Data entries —
:::

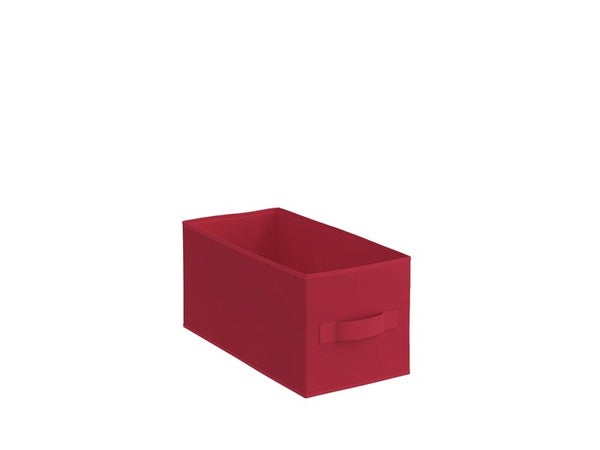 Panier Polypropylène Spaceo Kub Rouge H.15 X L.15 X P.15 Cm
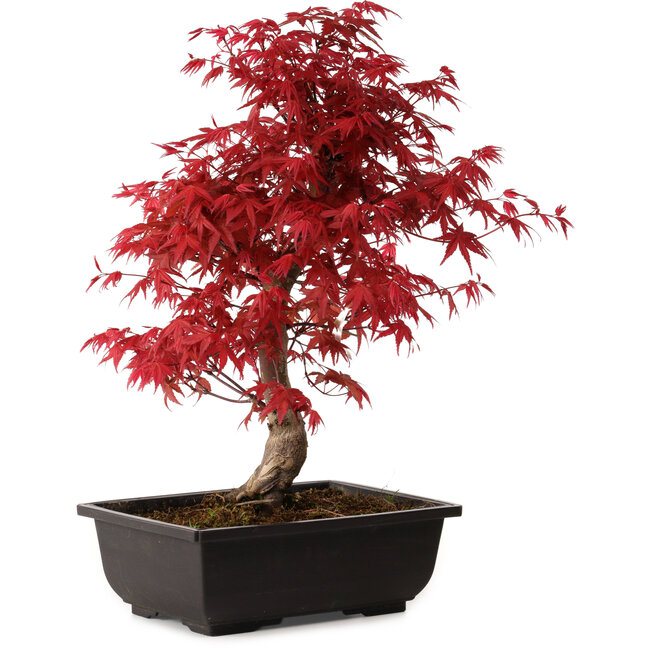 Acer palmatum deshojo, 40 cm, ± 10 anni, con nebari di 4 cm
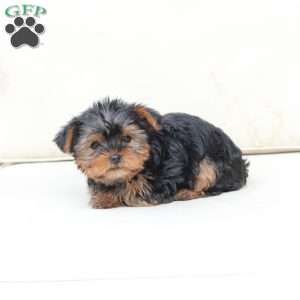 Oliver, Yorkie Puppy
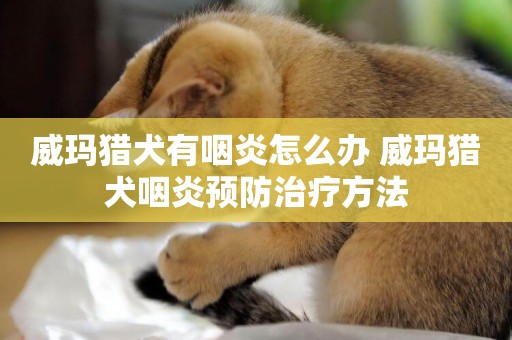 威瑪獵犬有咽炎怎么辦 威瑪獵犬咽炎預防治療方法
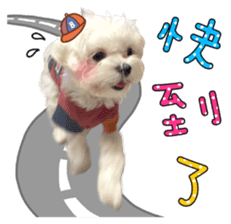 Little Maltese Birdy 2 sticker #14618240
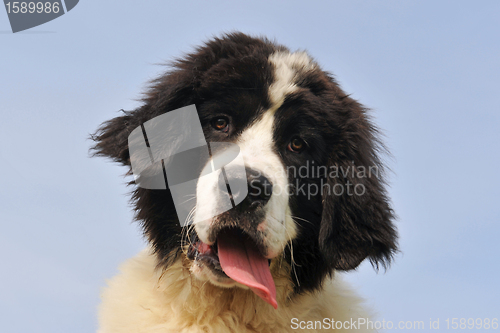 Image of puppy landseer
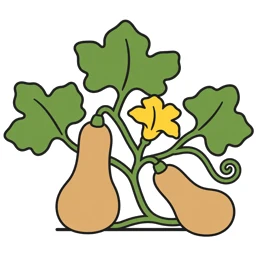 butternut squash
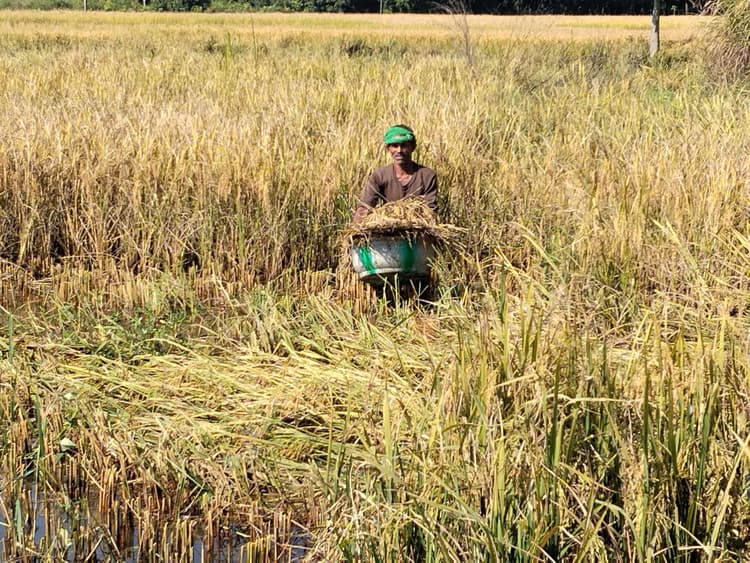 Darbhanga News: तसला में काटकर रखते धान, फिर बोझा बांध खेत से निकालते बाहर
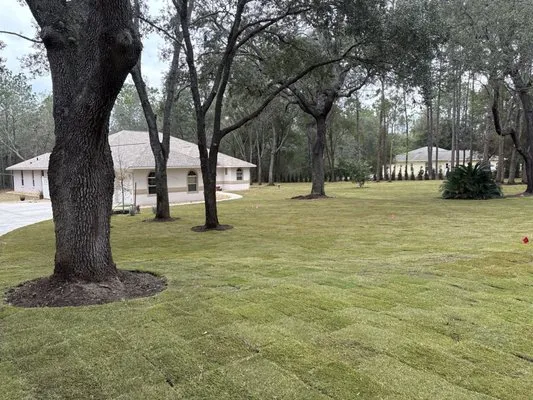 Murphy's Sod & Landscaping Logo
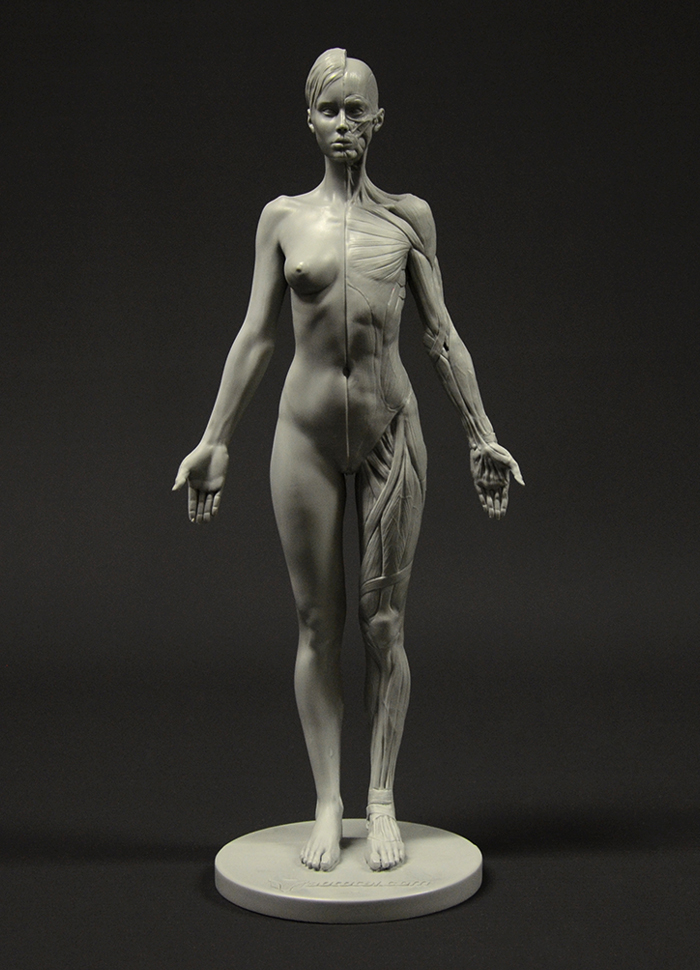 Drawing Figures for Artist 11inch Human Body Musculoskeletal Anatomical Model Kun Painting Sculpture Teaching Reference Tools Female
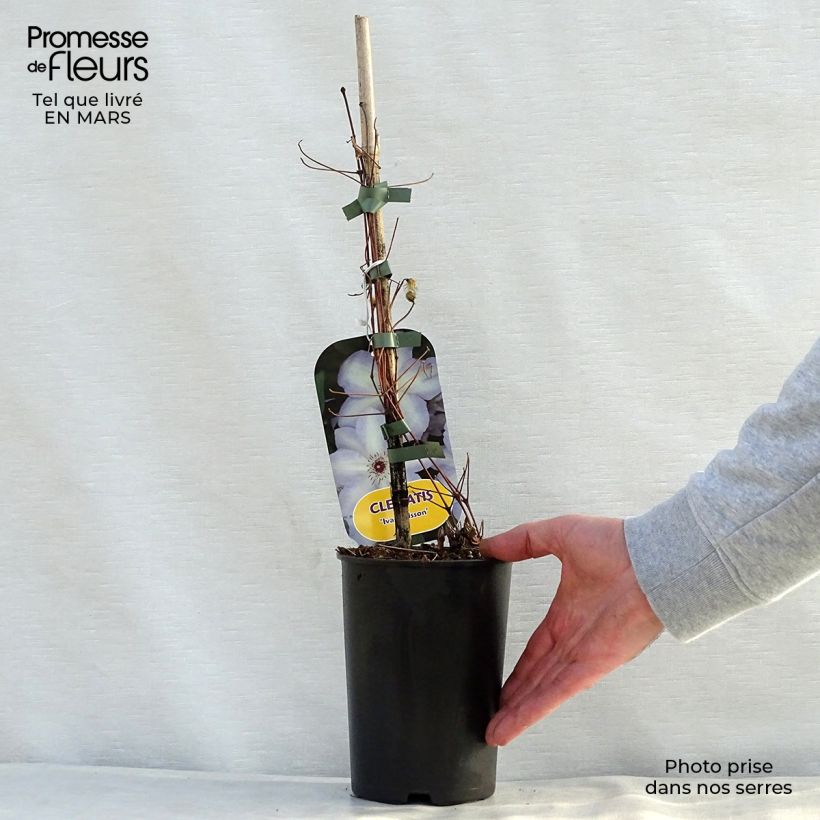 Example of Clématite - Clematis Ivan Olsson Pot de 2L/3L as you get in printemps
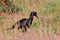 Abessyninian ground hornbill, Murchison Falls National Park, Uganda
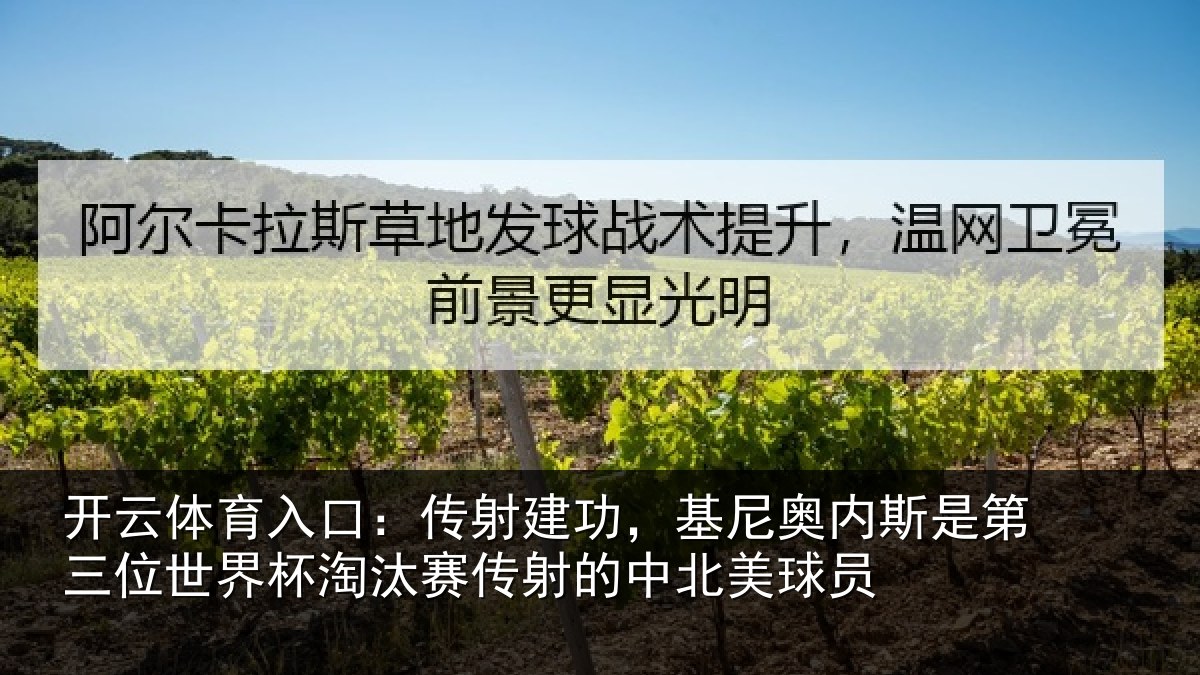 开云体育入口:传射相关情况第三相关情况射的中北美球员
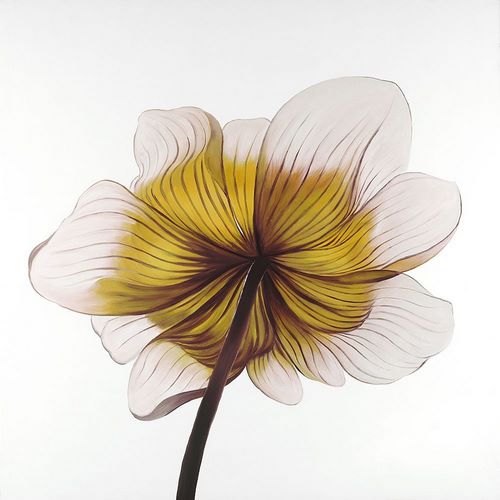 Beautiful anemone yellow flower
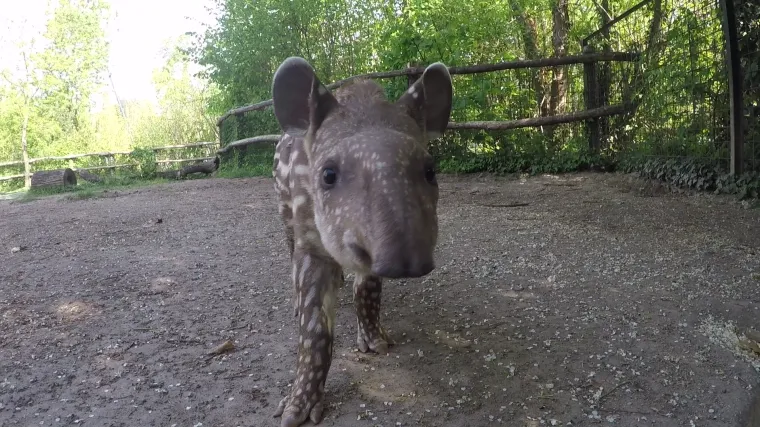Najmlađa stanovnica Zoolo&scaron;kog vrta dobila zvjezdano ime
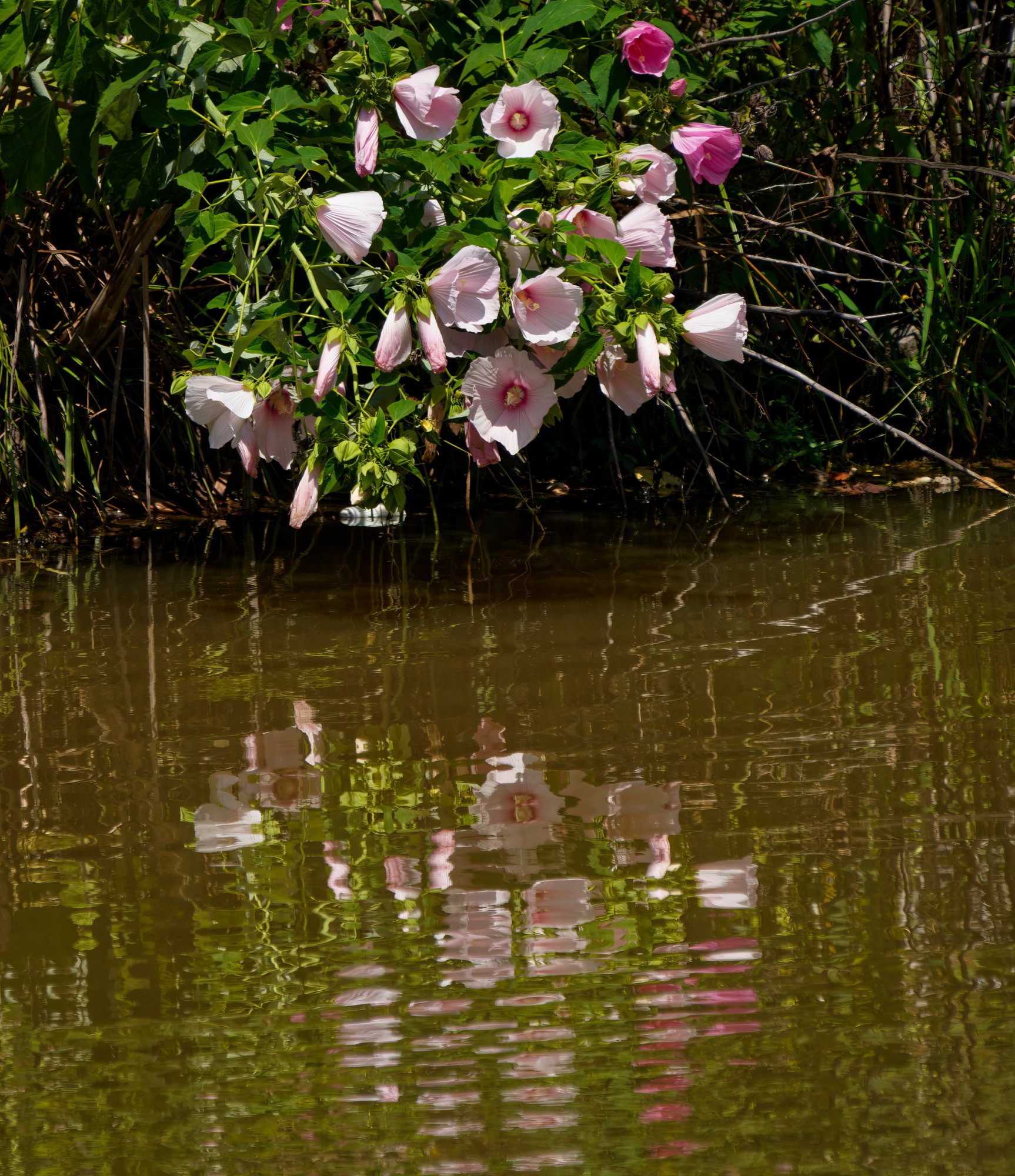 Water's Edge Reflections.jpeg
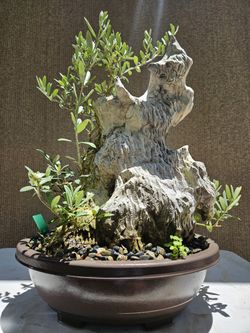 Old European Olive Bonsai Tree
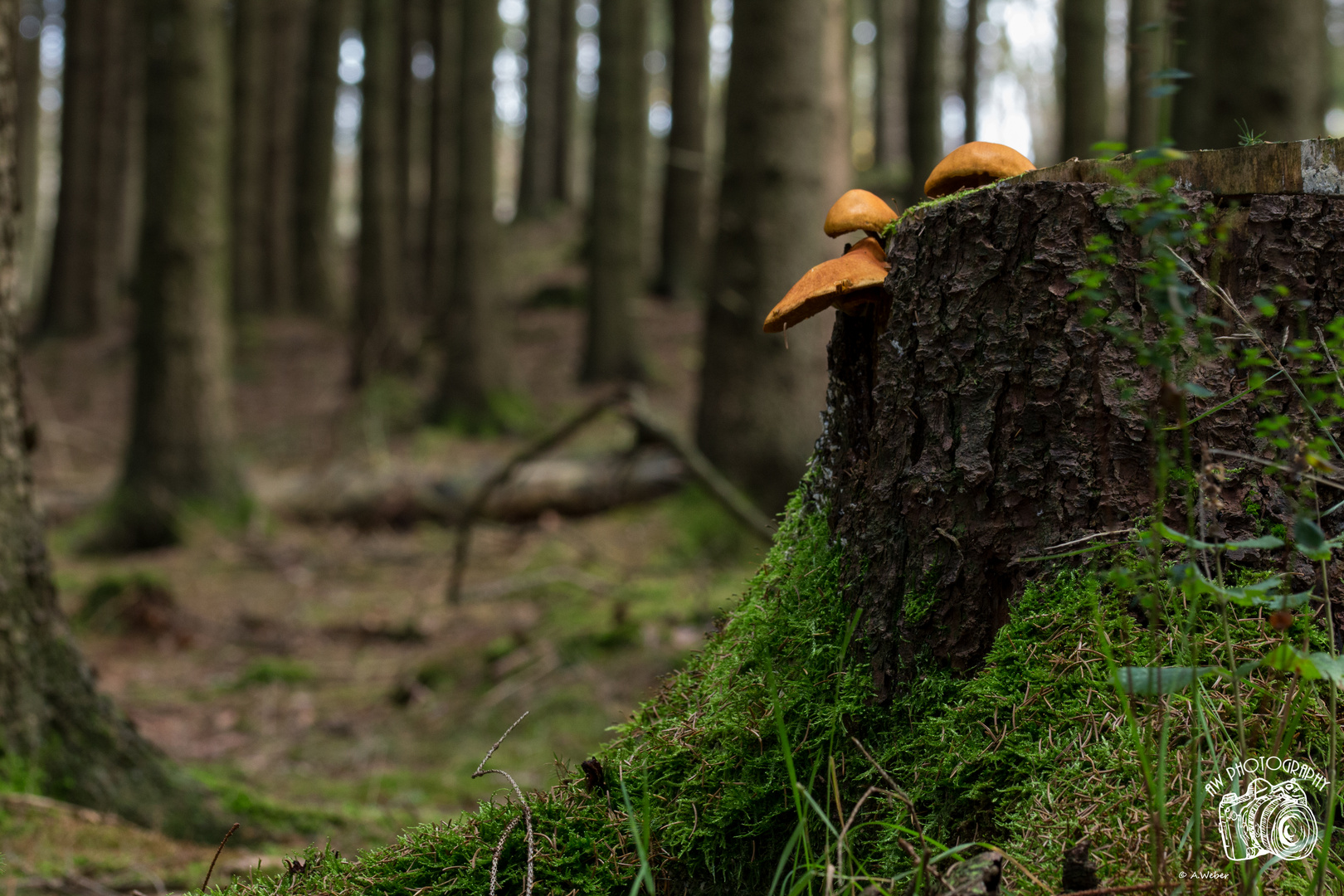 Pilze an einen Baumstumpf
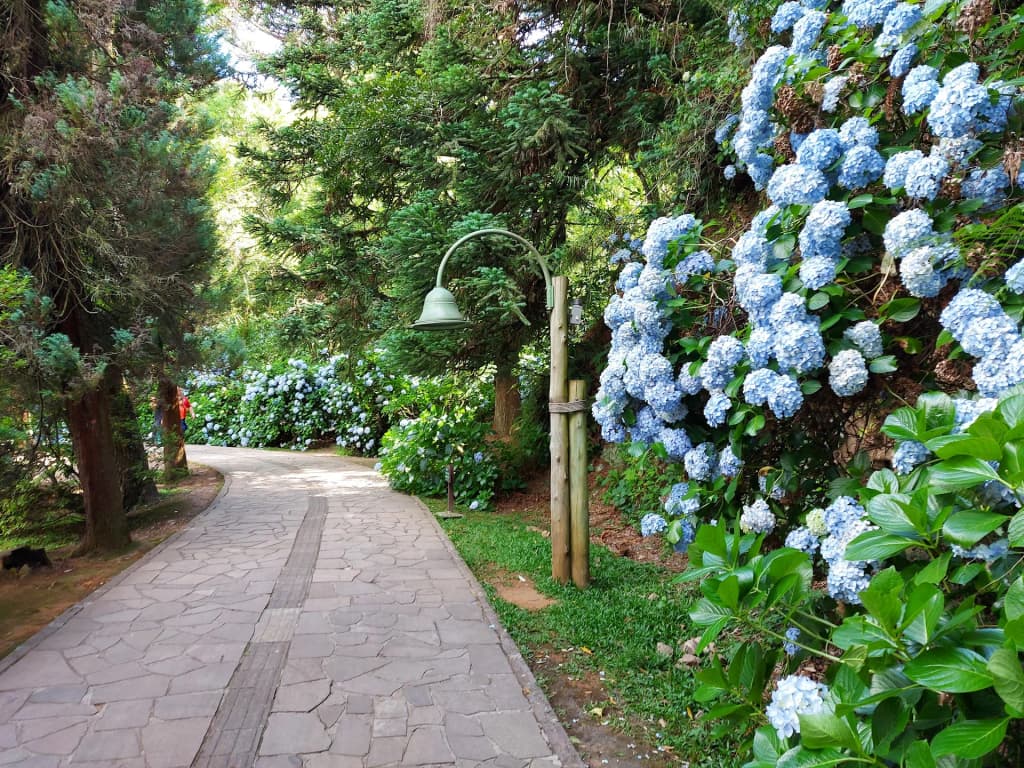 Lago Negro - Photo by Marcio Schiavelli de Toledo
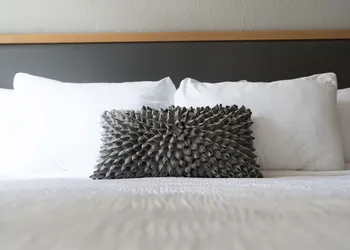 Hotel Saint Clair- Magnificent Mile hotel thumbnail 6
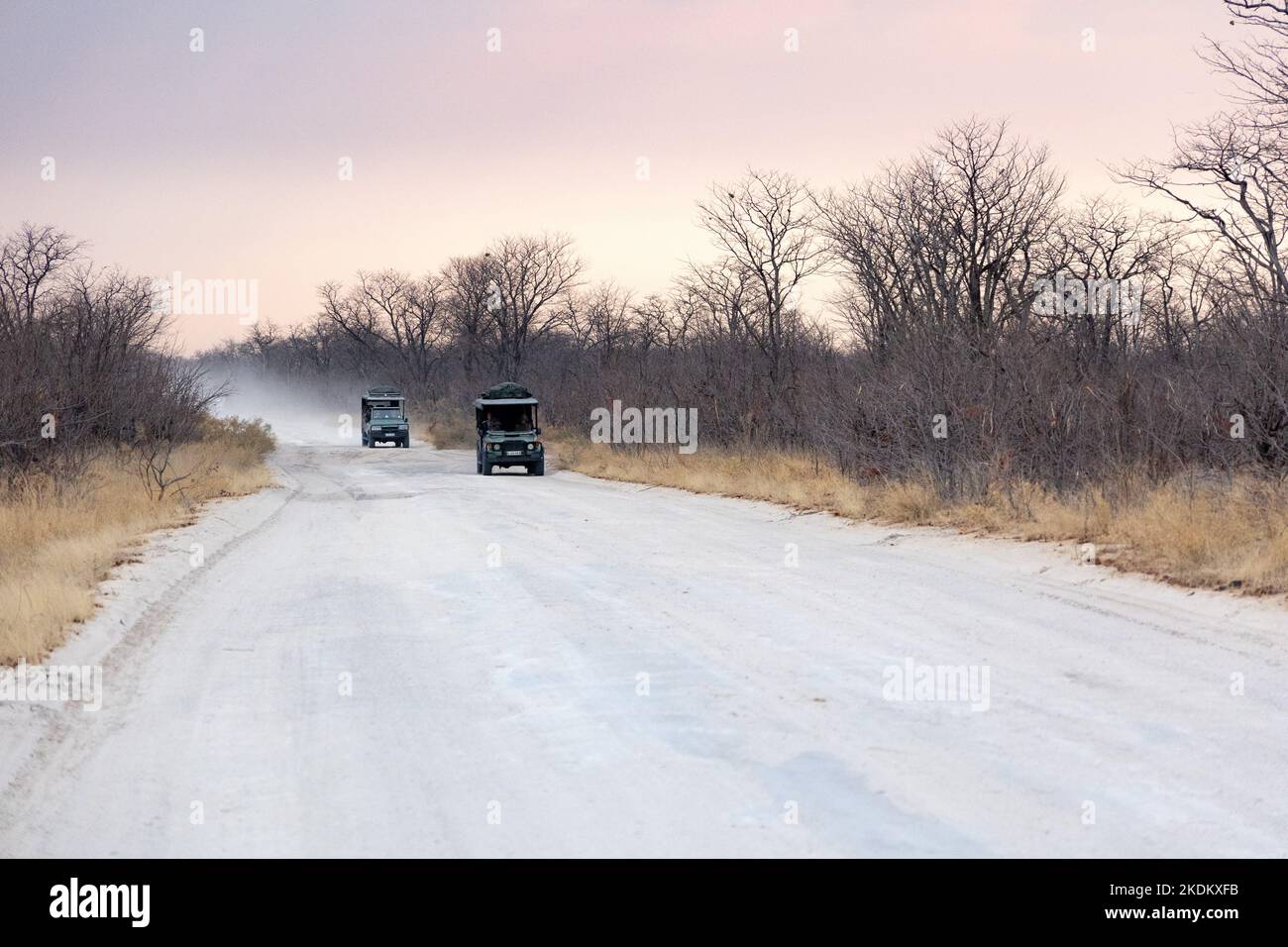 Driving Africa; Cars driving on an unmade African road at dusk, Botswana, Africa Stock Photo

:::

Work instructions —
Retype, word for word, the lines from the one with "Lago Negro - Photo" through the last line of the entries above, and only those lines. Leave pictures out.

The answer —
 Lago Negro - Photo by Marcio Schiavelli de Toledo
 Hotel Saint Clair- Magnificent Mile hotel thumbnail 6
 Driving Africa; Cars driving on an unmade African road at dusk, Botswana, Africa Stock Photo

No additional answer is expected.